In a survey conducted in 2016, it was found that, on average, 55% of ASIC development time is spent on verification. Past surveys show that this figure is consistent across previous years—but here’s the catch: the flow of fresh engineers into verification is three times that of design. So—even with three times as many engineers entering the field, verification time is only static. Clearly, increasing the engineer headcount can only do so much—a breakthrough is needed, and that breakthrough is coming in the cloud.
But why is the cloud the answer? Can’t companies just have more on-site computers to deal with the increasing machine cost of verification?
Well, no.

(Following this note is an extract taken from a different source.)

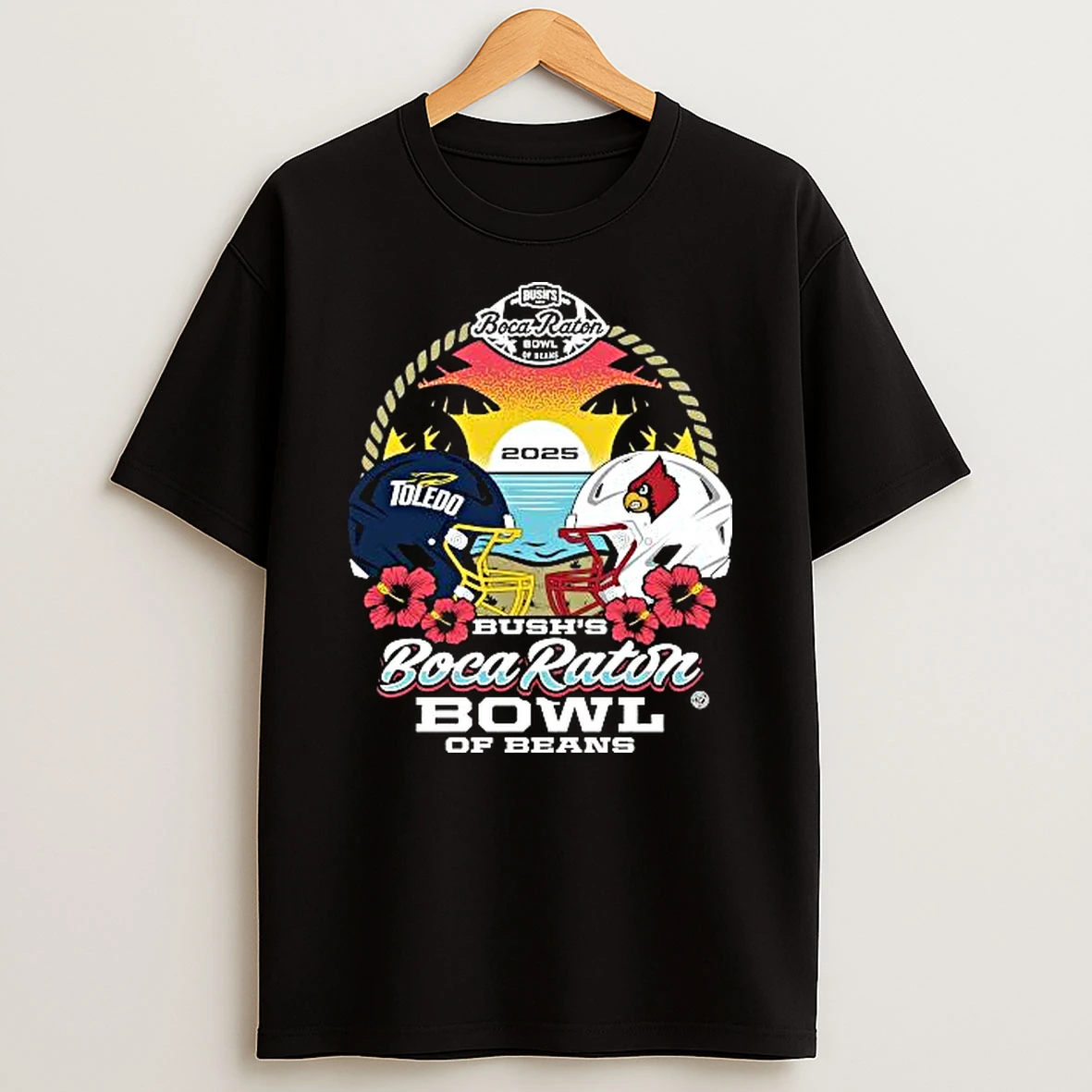 Toledo Rocket Vs Louisville Cardinals 2025 Boca Raton Bowl Of Beans Helmet T Shirt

Not every company can afford that—start-ups can’t, for one, and even for larger companies, replacing or expanding their existing farms can cost huge amounts of money. Even for the largest companies, for whom this sort of spending isn’t that much of an issue, constantly expanding and upgrading your computer resources is inconvenient and cumbersome.
Consider the figure below:
Here, we see a picture of a company that upgrades their computer resources before they become out of date. They never have an issue where their computing power isn’t enough; however, they’re spending huge amounts of money on state-of-the-art equipment, and replacing it just as often as everyone else, since the time-cost of installing new computers all the time factors in too.
Now, consider this:
Here, we see what is likely a smaller company, who can’t afford to replace their computers all the time. They get the most out of what they have—but they have to completely stop everything when the demands become too great.
What happens if the company doesn’t have to keep track of their own computer resources, and lets a cloud-based service do it, instead?
In this situation, a company can simply increase the amount of resources they use as they need it. They still have their own resources, of course, but whenever needs become too great, they can use the cloud to keep things running smoothly, as some extra power. This way there’s no great waste in running state-of-the-art equipment all the time, and no downtime when equipment needs to be replaced mid-project.